Maybe we *can* fight fire with fire

    1 of 2 2 of 2

      As another BC summer unfurls in the shadow of massive wildfire devastation, it’s easy to come to the conclusion that all fires are bad. But a growing community of forestry experts, Indigenous firekeepers, and fire specialists are advocating for controlled burns—which can actually help keep our forests safe.

      Cultural burning, also called prescribed fire and intentional fire, does not damage the land, but rather allows it to grow back healthier, says Joe Gilchrist, vice-president and co-founder of the Interior Salish Firekeepers. Together with knowledge holders, language speakers, medicine gatherers, and ex-firefighters, he’s part of a community effort working to bring back safe cultural burning in our province.

      Prescribed fires are effective in burning what’s called fuel—essentially, plant matter including branches, grass, and shrubs—that accumulates in our forests over time. This fuel buildup becomes increasingly difficult to extinguish, especially when paired with the hotter and drier conditions caused by climate change.

      “I’ve seen a foot-and-a-half to two feet thick with pine needles,” Gilchrist notes. “It’s just so overgrown and overstocked.”

      Controlled burns are typically done in the spring and fall. “In the spring, the snow melts, and the moisture slowly goes into the ground and leaves the top layer dry,” Gilchrist explains. “Underneath, the roots are still protected by moisture.”

      Prescribed fire also helps keep communities a safe distance away from potential wildfires, and leaves a defensible space for firefighters to properly manage them.

      While the provincial government is helping to reintroduce cultural burning, Gilchrist finds the approval process slow and onerous.

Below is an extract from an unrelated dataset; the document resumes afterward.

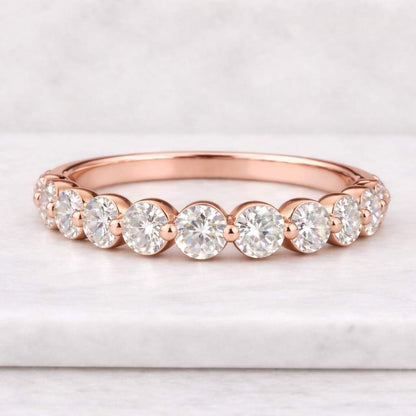 Stackable Band, Anniversary Gift Ring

It usually takes between two and five years to get permission for a burn, and even then, if conditions aren’t ideal, it can’t happen. He also says that the BC Wildfire Service wants to control the process, and he wishes it was more of an Indigenous-led partnership.

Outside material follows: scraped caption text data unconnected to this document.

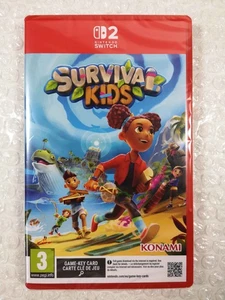 SURVIVAL KIDS SWITCH 2 EURO NEW (GAME-KEY CARD) (GAME IN ENGLISH/FRANCAIS/DE/ES/ - Picture 1 of 10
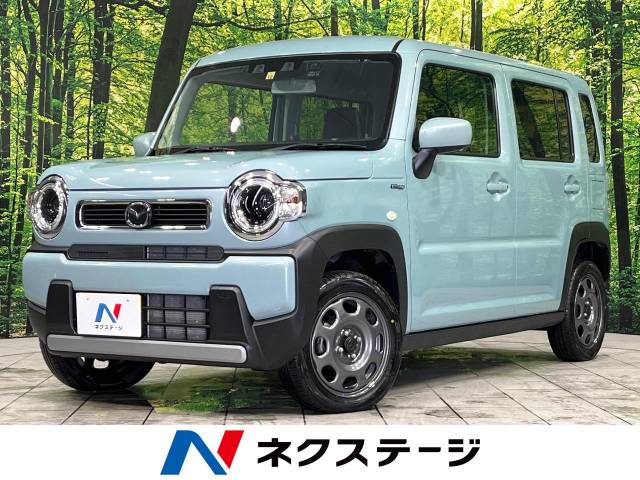 マツダ フレアクロスオーバー 660 ハイブリッド XG 4WD SDナビ アダプティブクルーズ LEDヘッド 青森県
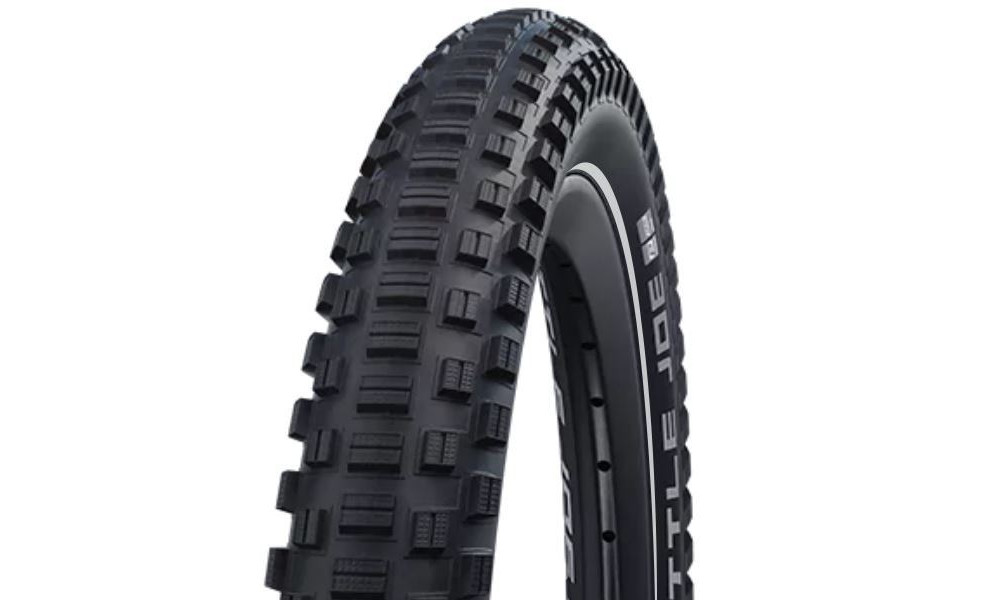 Tire 26" Schwalbe Little Joe HS 371A, Perf Fold. 50-559 / 26x2.00 Addix Reflex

      “If you use fire as a tool, at the right times of the year, then it’s not bad—it’s actually a good thing, and it does a lot of work for you,” he says. “But it is a tool and it can be dangerous, and so you really need to be knowledgeable about using fire.”

      According to Pacific Institute of Climate Solutions researcher Jen Baron, we’ve had a zero-tolerance policy on fire since 1940.

      “That’s really when that generational lack of relationship with fire starts,” she notes. “We were trying to protect the values of the time—forestry, lumber, and wildlife. The assumption was that fire would destroy these systems, although most of these systems actually evolved with fire in them—eventually they will burn, whether we want them to or not.”

      Baron compares the current situation to a campfire that has been built up for a hundred years instead of being burned at regular intervals: “The combination of, you know, the amount of fuel that’s there today and then the hotter and drier conditions are what make current fires so volatile.”

      Photo by Joe Gilchrist.

      Forest management instructor and Métis Nation BC member Justin Perry is another advocate for holistic wildfire management. During his time as a forestry student—in the same BCIT program where he now teaches—Perry was heavily involved in Indigenous initiatives, and worked in the sweat lodge as a firekeeper. It was then that he learned to see fire as an integral part of our planet’s health.

      “It can outright kill you,” Perry admits. “But at the same time, if we don’t have any fire, then there’s no life—it’s about finding the balance within that, and how it connects to the rest of the environment, to the landscape, and with our communities.”

      To him, holistic wildfire management includes the interrelations between wildfires, prescribed burning, climate change, logging, water, and trained firefighters.

      “We need our fire crews, so I’m not at all trying to take away what is happening now,” he explains, “but it’s opening up the potential to have more discussion about how we can improve wildfire
      management and look at it in a more holistic, all-encompassing sense.”

      He believes a combined approach is needed to move forward—including proper holistic education about forest management and wildfires.

      “Both of those are very much seen in a negative light in the province right now, and for good reason,” he says. “It’s a horrible thing when people get evacuated from their communities and they lose their homes, so I think that educating people about how we can improve wildfire management, and also the forest management that leads up to how wildfire behaves, is massive.”

      Alongside education efforts, Perry hopes to see cooperation between all levels of government.

      “Not all fires are bad, and we need a lot of context to be able to have an informed discussion about it,” he reflects. “When is it good? When is it bad? How are we going to interact with it?”